本書でミルは、先達のベンサムによって創始された功利主義について原理的な考察を行っている。

功利主義は自己中心主義ではない

おそらく功利主義の一般的なイメージは次のようなものだろう。「自分の幸せを得るためであれば、他者を犠牲にしてもよい。自分の利益を最大化することが一番である」とする態度だ、というものだろう。だがそれは通俗的な理解にすぎない。

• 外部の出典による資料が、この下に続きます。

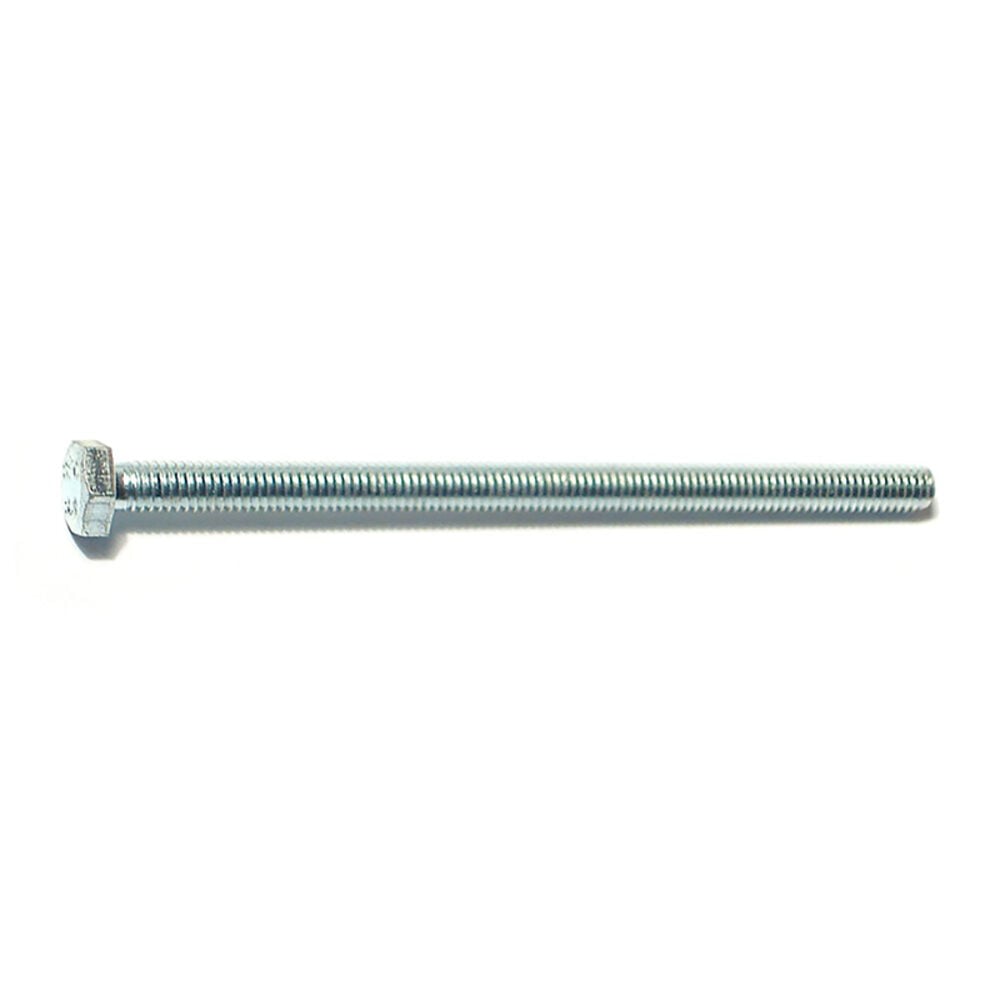 image of Metric Full Thread Bolt, 6mm-1.00 x 100mm, Zinc, 1-Piece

意外に思えるかもしれないが、自己中心主義はむしろ功利主義の精神に反する。功利主義を「損得や利害でしか動かない態度である」とするのは、本質的な解釈とは言えない。というのもベンサムとミルでは、他者に対する好意や共感が、共生のための原理になると考えるからだ。

カントの道徳論に欠陥がある

まずミルは、行為はあくまでも目的との関係で考えられなければならない、と主張する。

行為はすべて、なんらかの目的を目ざしている。だから、こうした目的が、行為の規則に性格を与え、色づけをすると考えるのが当然であろう。

行為の目的が行為の規則を特徴づけている。つまり目的が行為の原理である。

このことは道徳的行為についても当てはまる。それゆえ道徳の本質を規定するためには、功利主義的なアプローチを取るほかない。

道徳についてはカントが大きな仕事を成しとげたが、しかしカントの議論には原理が欠けている。

そうミルは主張するが、具体的にはどういうことだろうか。

定言命法を「尊敬」するって本当?

カントは『実践理性批判』で、道徳の本質を、「自分の意志の格律が普遍的な道徳法則を与えるように行為せよ」という命令、すなわち定言命法に置いた。「~をしよう」という自分のルールが、普遍的なルールをたえず目がけるように吟味すること、これが定言命法の要点だ。

ただしここで次の点が問題となる。

主観的な意志が道徳的となるのは、普遍法則を目がけるときだ。そのとき意志は欲求や願望などに動かされてはならない。なぜなら快や欲望によって促される行為は、結局のところ自分の幸福を目的としているからだ(自愛の原理)。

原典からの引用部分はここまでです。